Seperti judulnya, buku karya Sujiwo Tejo dan Nur Samad Kamba ini mencoba mengatakan bahwa kebertuhanan itu seharusnya menyenangkan, dan bukan malah menyusahkan serta melahirkan kebencian. Meskipun mencoba asyik, buku ini di beberapa bagian justru kurang mengasyikkan.

TUHAN Maha Asyik mencoba membahas banyak hal di seputar ketuhanan dengan santai. Awalnya, ada narasi. Anak-anak sekolahan berdialog; mempertanyakan banyak hal dari soal hubungan wayang dengan dalang, persepsi orang terhadap sesuatu, hubungan manusia dengan Tuhan dan alam, fungsi doa, pengetahuan, hingga soal bahasa. Lalu, setelah dialog anak-anak itu, buku ini menyajikan penjelasan yang bisa dibilang sufistik dan filosofis.

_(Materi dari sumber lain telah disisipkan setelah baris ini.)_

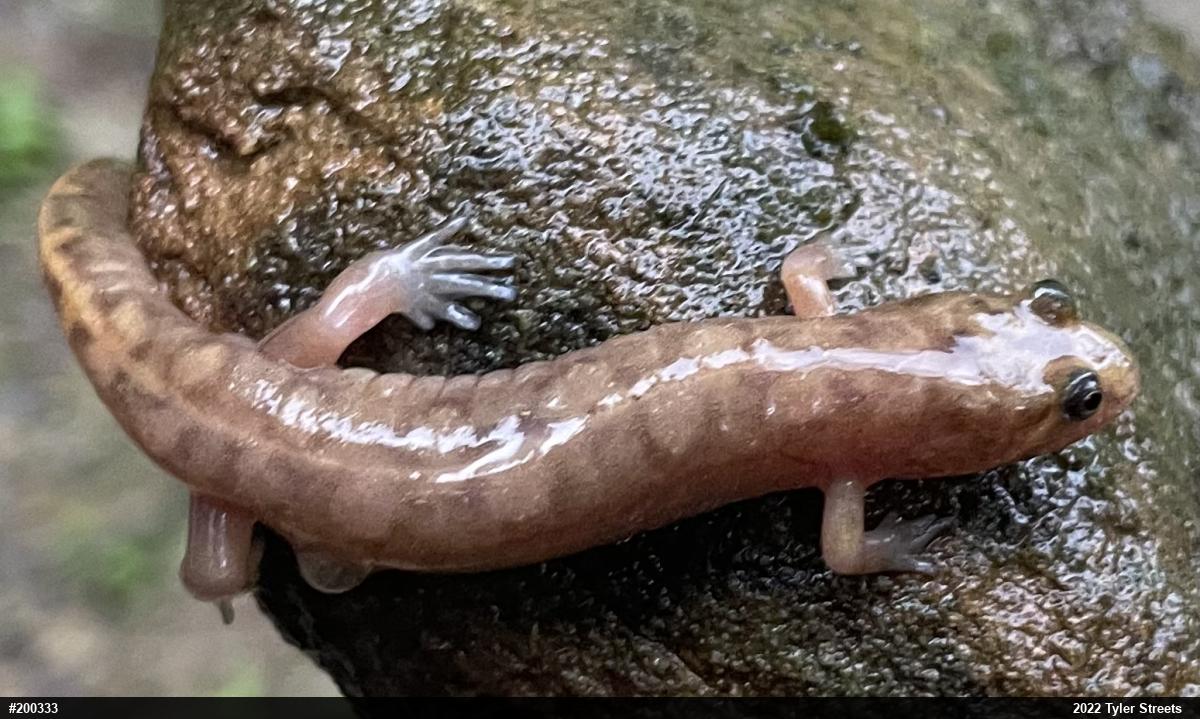 Seal Salamander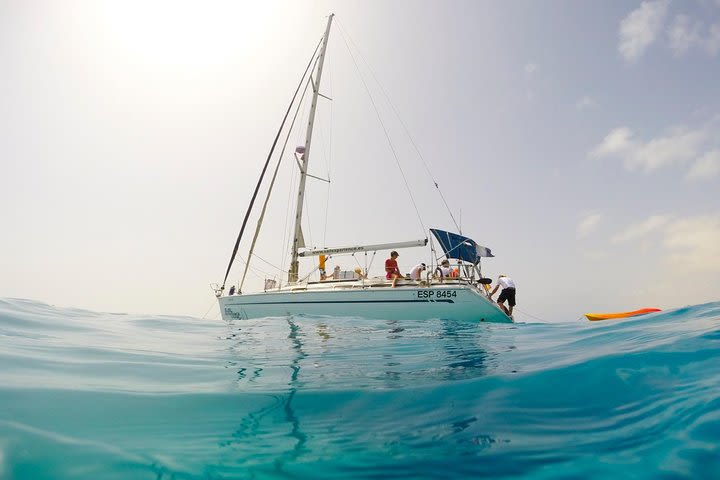 Sailing tour around the Lobos Island Natural Park / 4h image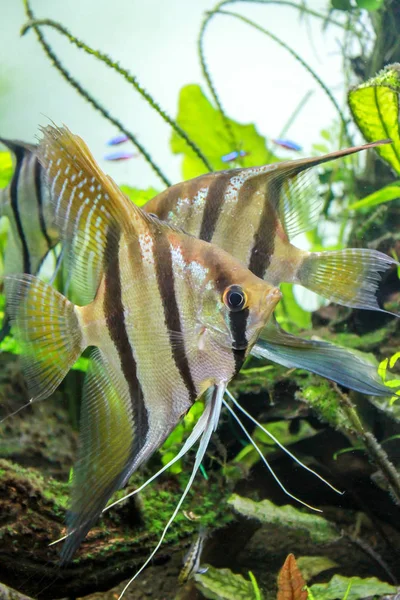 Santa Isabel Angelfish Pterophyllum Também Conhecido Por Red Back Altum — Fotografia de Stock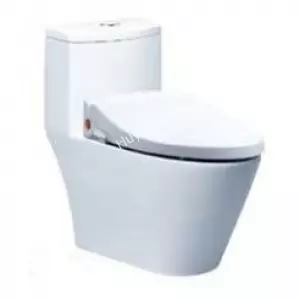 Bồn Cầu Nắp Rửa Cơ CAESAR CD1363/TAF050 1 Khối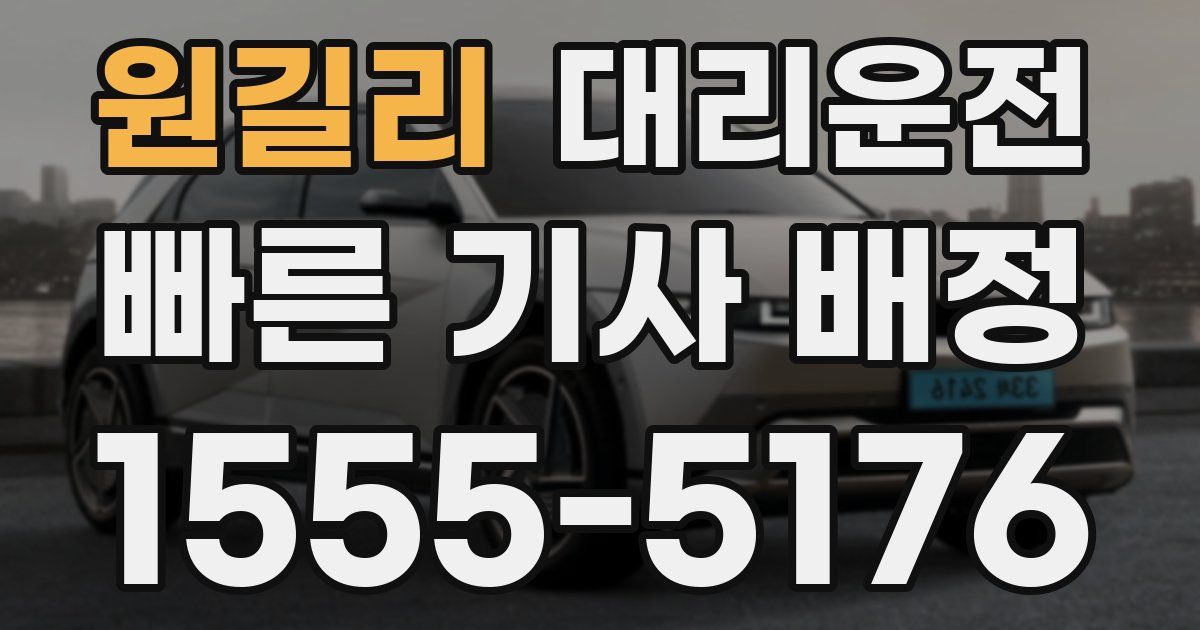 일일대리기사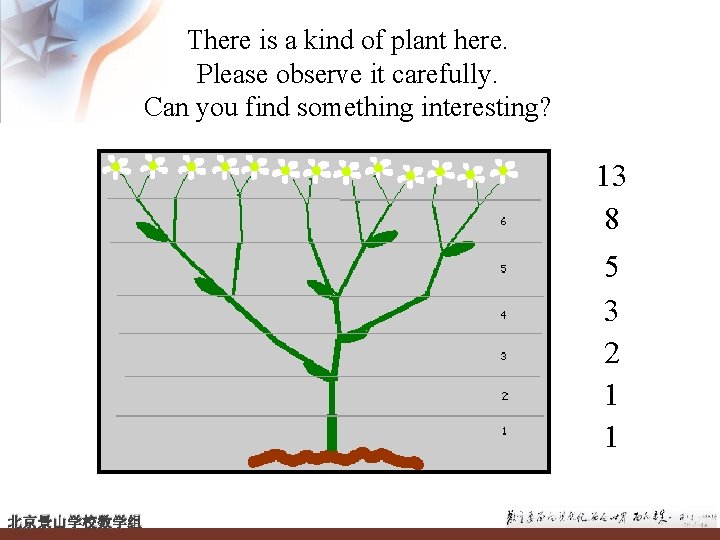 There is a kind of plant here. Please observe it carefully. Can you find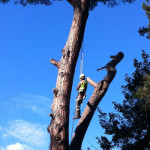Tree climbing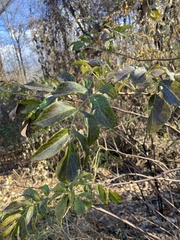 Sambucus canadensis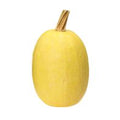 Organic Spaghetti Squash️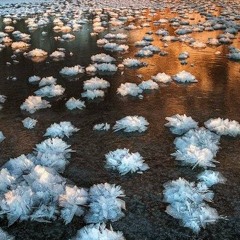 Suchada Katai Pokkrong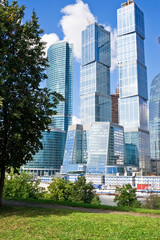 Skyscrapers and grass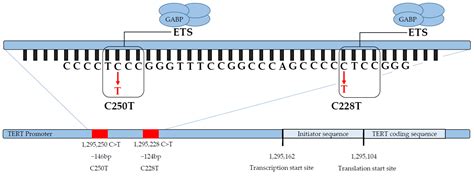 Cimb Free Full Text Prevalence Of Tert Promoter Mutations In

Cerita dialog anak-anak itu sarat dengan metafora, baik yang diambil dari kisah perwayangan maupun matematika. Sebagian besar cerita mengalir dan menarik untuk diikuti, terutama karena metafora-metaforanya. Pemilihan cerita dalam bentuk dialog anak-anak ini cerdas. Anak-anak bisa dianggap sosok yang polos, serba ingin tahu, dan karenanya suka bertanya. Tak jarang, gugatan lugu terhadap apa yang dianggap sebagai kemapanan datang dari anak-anak.

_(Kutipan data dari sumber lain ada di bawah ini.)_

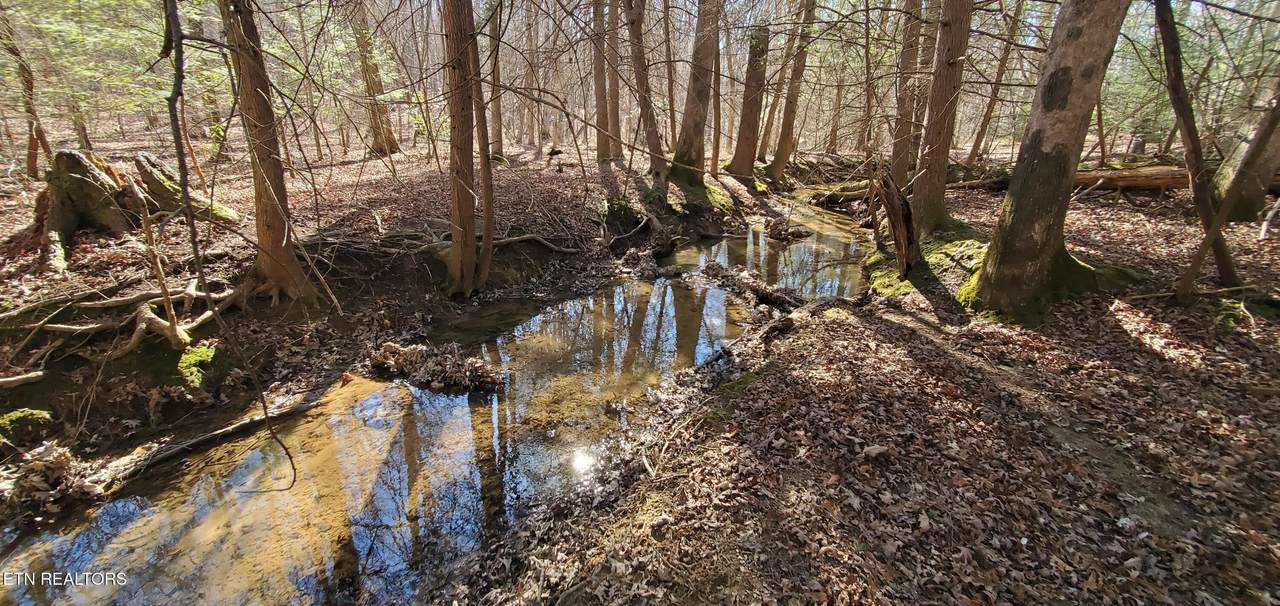  Poston Drive - Photo 1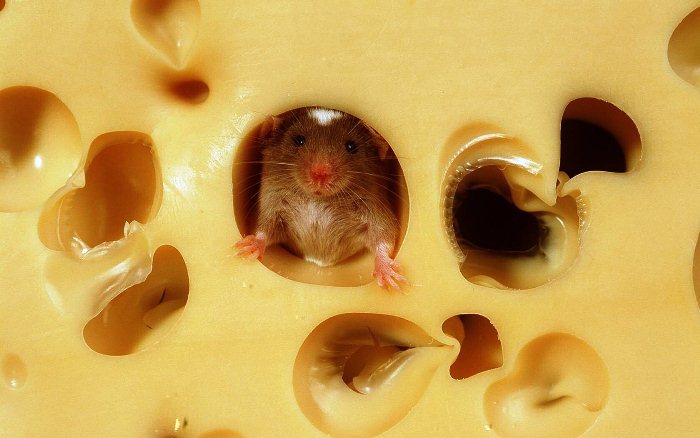 Мыша и сыр
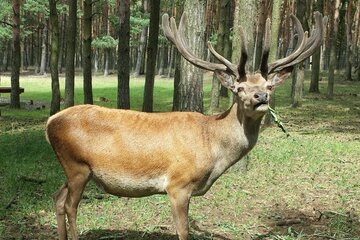 Bild der Petition Keine Zerstörung der Natur (Natur- und Landschaftsschutz) für Industrie-, Wohnungs- und Freizeitbau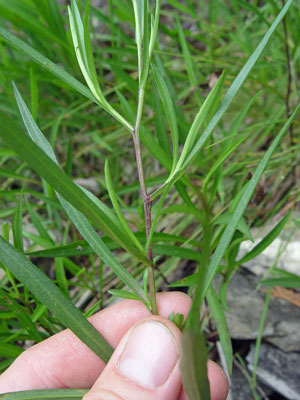 Photo: Symphyotrichum anticostense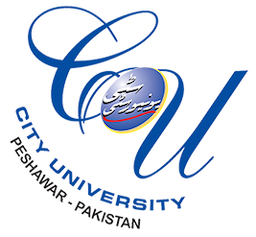 City University of Science and Information Technology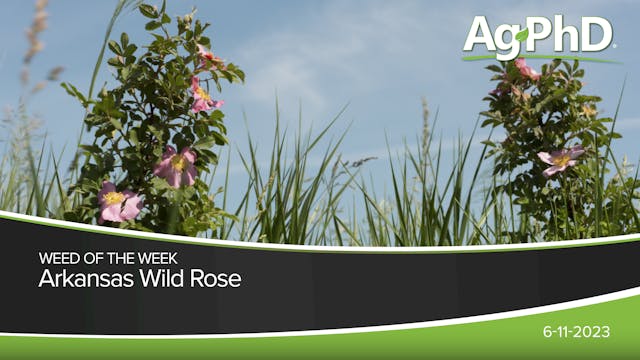 Arkansas Wild Rose | Ag PhD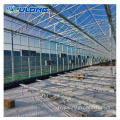 Greenhouse agricole pour la plantation de tomates / concombres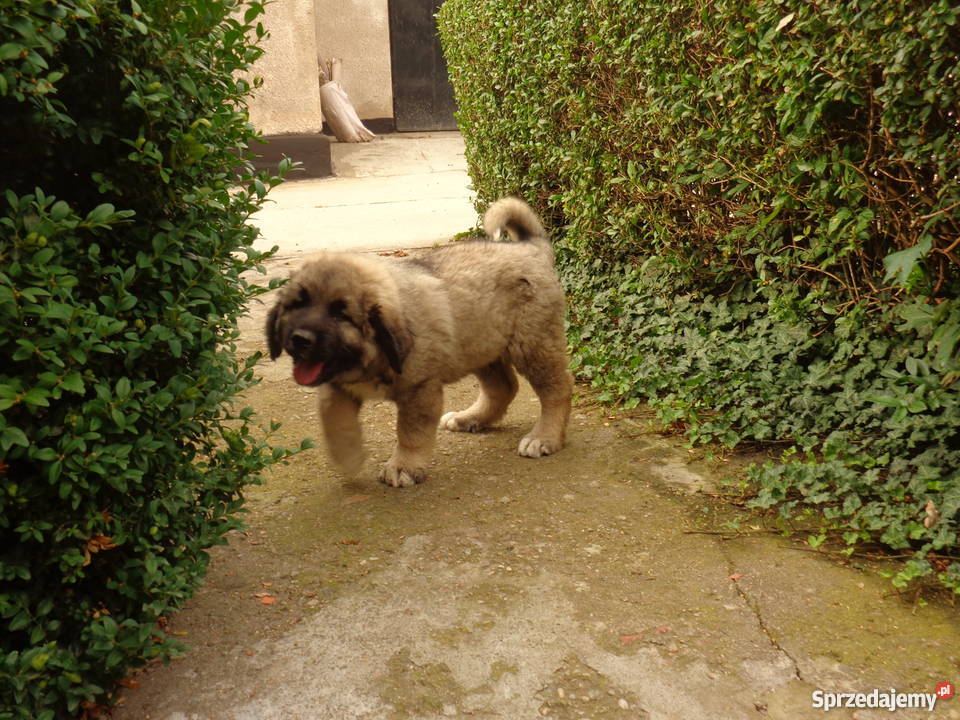 Owczarek kaukaski sprzedam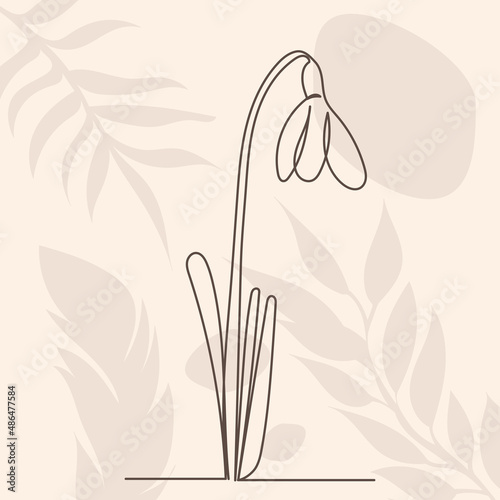 snowdrop outline in one line, on an abstract background, vector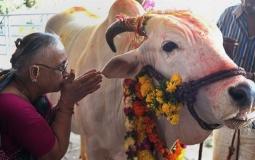 عادات غريبة في باكستان مع البقر قبل عيد الأضحى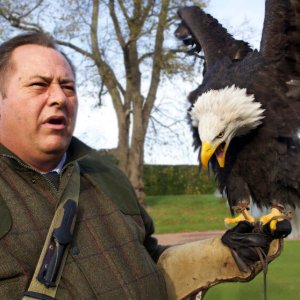 Falconry Display in Scotland with eagle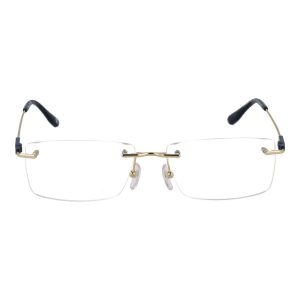 BMW Gold Titanium Glasses (Frames)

Tapi, upaya kedua penulis—Sujiwo Tejo dan Nur Samad Kamba yang tentu saja bukan anak-anak lagi—menyelami dunia polos anak-anak ini terkadang tergelincir di beberapa cerita. Anak-anak sekolahan itu tiba-tiba saja punya pikiran canggih untuk ukuran usia mereka. Ini membuat keluguan dan kepoloson mereka seperti ditelan oleh kedewasaan Tejo dan Kamba, dan sebagian cerita pada akhirnya malah tidak asyik. Misalnya, dalam “Pertanda”, seorang anak nyeletuk bahwa main manten-matenan dengan menggunakan daun-daunan adalah “bermain dengan ayat-ayat”. Entah saya ataukah kedua penulis yang kuper dengan kehidupan anak-anak, abstraksi alam sebagai “ayat-ayat” bagi saya masihlah terlalu kompleks buat anak-anak.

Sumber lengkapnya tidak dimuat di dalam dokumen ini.